We can also compare this correlation to the correlation between brain weight and body weight without the log transformation:

cor(msleep$bodywt, msleep$brainwt, use="complete.obs")

Q1: How do these correlations compare? Can you explain this?

Now, let’s split mammals into three subgroups: big animals, with body weights of at least 7 kg, small animals, with weights less than 0.5 kg and median animals with weights in between.

big.animals <- msleep[msleep$bodywt  >= 7, ] 
small.animals <- msleep[msleep$bodywt  < 0.5, ]
medium.animals <- msleep[msleep$bodywt  > 0.5 & msleep$bodywt  < 7, ]

cor(big.animals$log10bodywt, big.animals$log10brainwt, use="complete.obs")
cor(small.animals$log10bodywt, small.animals$log10brainwt, use="complete.obs")
cor(medium.animals$log10bodywt, medium.animals$log10brainwt, use="complete.obs")

Q2: How do the correlations of log brain weights and log body weights within these subgroups compare to the correlation you found using all of the mammals? Can you explain this?

Scatterplots and Correlations

Now let’s see how body weight predicts sleep time first by plotting the data and then by finding the correlation. We’ll use the ggplot2 package to make prettier plots.

Q3: Do larger mammals tend to sleep more or less? What else do these plots tell you.

ggplot(msleep) + geom_point(aes(log10bodywt, sleep_total, color=vore))
ggplot(msleep) + geom_point(aes(log10bodywt, sleep_total))+facet_wrap(~vore)

cor(msleep$log10bodywt, msleep$sleep_total, use="complete.obs")

Now, let’s try the same thing using brain weights. Q4: Do mammals with larger brains tend to sleep more or less?

ggplot(msleep) + geom_point(aes(log10brainwt, sleep_total, color=vore))
ggplot(msleep) + geom_point(aes(log10brainwt, sleep_total))+facet_wrap(~vore)

cor(msleep$log10brainwt, msleep$sleep_total, use="complete.obs")

Note that we have something of an interesting puzzle here. Body weight and brain weight are both connected to sleep time but it may be difficult to determine which factor is affecting sleep times, since brain and body weigths are so closely connected. Alternatively, sleep times could be determined by some factor we have not explored that is merely correlated with brain and body weights.
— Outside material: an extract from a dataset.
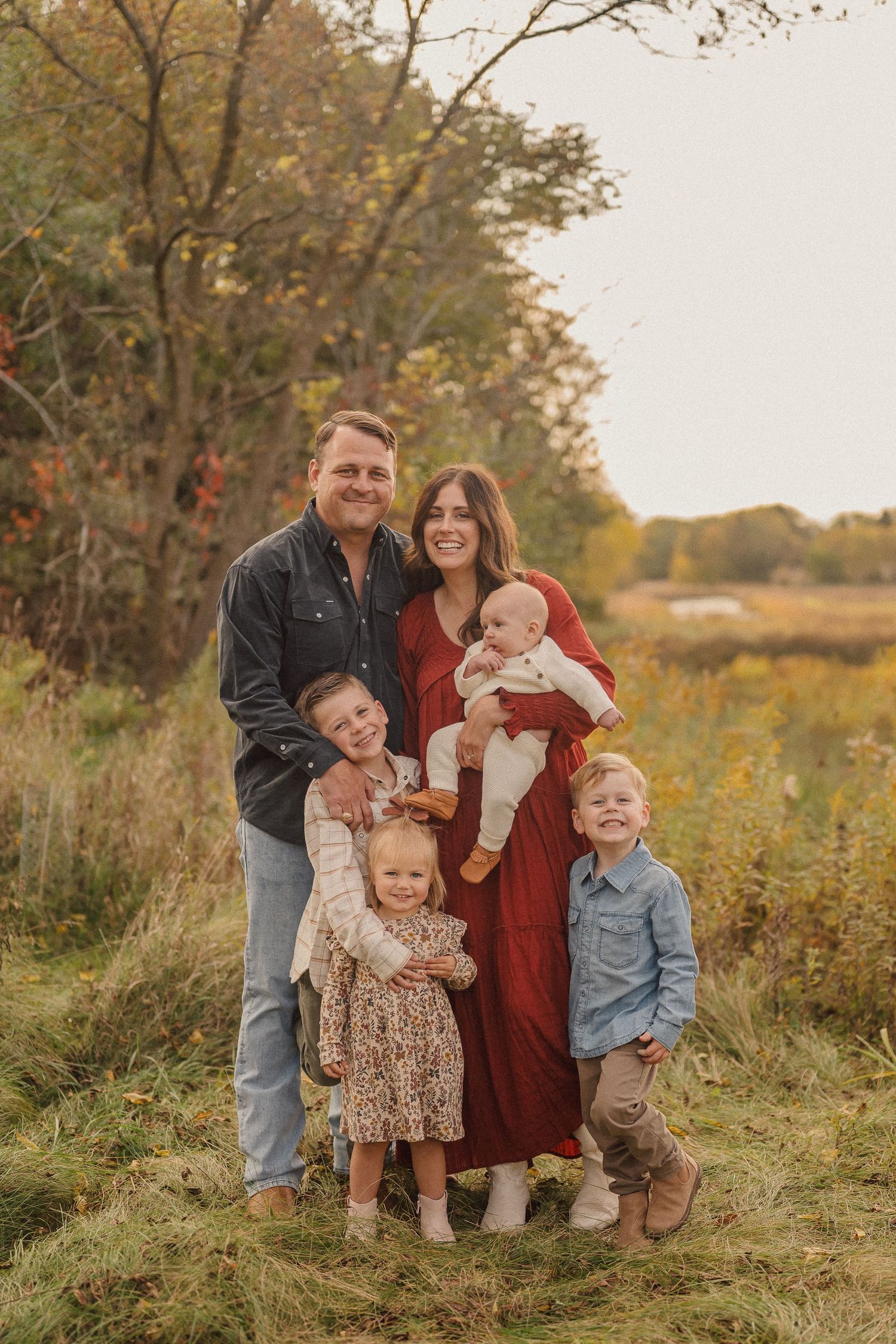 Casual outdoor family photo session in a meadow during golden hour with fall foliage.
Q5: Propose a method we could use to determine whether brain or body weights are the driving factor in sleep times.

Brain Percentage

Monty Python Scientist: “If we increase the size of the penguin until it is the same height as the man and then compare the relative brain sizes, we now find that the penguin’s brain is still smaller. But, and this is the point, it is larger than it was.”

Do mammals that are 100 times heavier have brains that are 100 times heavier? To find out, let’s look at brainwt/bodywt versus log10bodywt.

Q6: Describe your findings.

ggplot(msleep) + geom_point(aes(log10bodywt, brainwt/bodywt, color=vore))

cor(msleep$brainwt/msleep$bodywt, msleep$log10bodywt, use="complete.obs")

We can remove the trend by brain percentage versus log body weight by looking at brainwt/bodywt^0.75 instead of brainwt/bodywt. Further we can look at the correlation between log body weight and brainwt/bodywt^0.75 to confirm that the relationship is now considerably weaker.

Q7: Which species have the highest values of brainwt/bodywt^0.75?

ggplot(msleep, aes(log10bodywt, brainwt/bodywt^0.75, color=vore, label=name))+geom_text()

cor(msleep$brainwt/msleep$bodywt^0.75, msleep$log10bodywt, use="complete.obs")

ggplot(msleep, aes(log10bodywt, brainwt/bodywt^0.75, color=order, label=name))+geom_point()

Q8: What do you see when you color the points based on the order of the mammals?